Each week for 10 weeks, 110 individuals, ages 18-71, took a lie-detector test and completed health and relationship measures assessing the number of major and minor lies they told that week, said lead author Anita Kelly, a psychology professor at the University of Notre Dame in Indiana. She presented findings at the annual meeting of the American Psychological Association, which ended Sunday.

“When they went up in their lies, their health went down,” says Kelly. “When their lies went down, their health improved.”

Researchers instructed half the participants to refrain from telling any lies for any reason to anyone. The other half got no such instructions.

The link between less lying and improved health was significantly stronger for participants in the no-lie group. When they told three fewer minor lies than in other weeks, for example, they experienced, an average of four fewer mental health complaints, such as feeling tense or melancholy, and three fewer physical complaints, such as sore throats or headaches.

Linda Stroh, a professor emeritus of organizational behavior at Loyola University in Chicago, said findings are consistent with her research on trust.

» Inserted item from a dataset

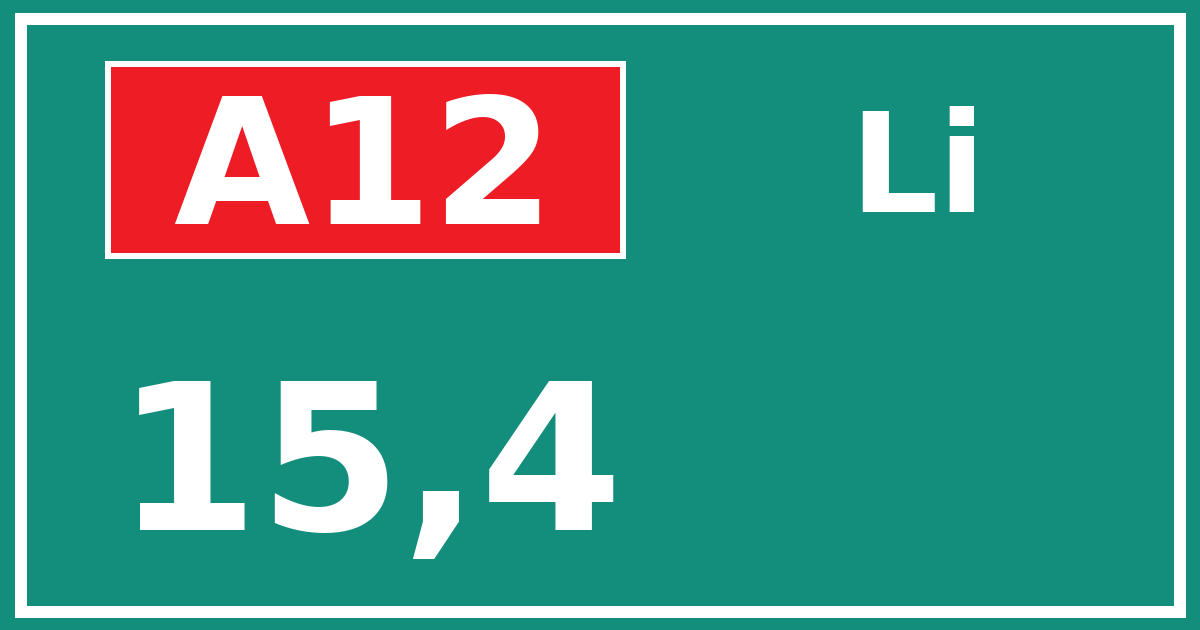 Hectometerbord A12 15,4 zijde Li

“When you find that you don’t lie, you have less stress,” she said. “Being very conflicted adds an inordinate amount of stress to your life.”

Past research suggests that Americans average 11 lies a week. Kelly said the no-lie group was down to one lie, on average, a week. For both groups, when participants lied less in a given week, they reported their physical and mental health to be significantly better that week.

“It’s certainly a worthy goal to have people be more genuine and interact with others in a more honest way,” said psychologist Robert Feldman of the University of Massachusetts, Amherst. “That would be ultimately beneficial. I’m a little skeptical that it makes us all healthier, but it may make us healthier in a psychological way.”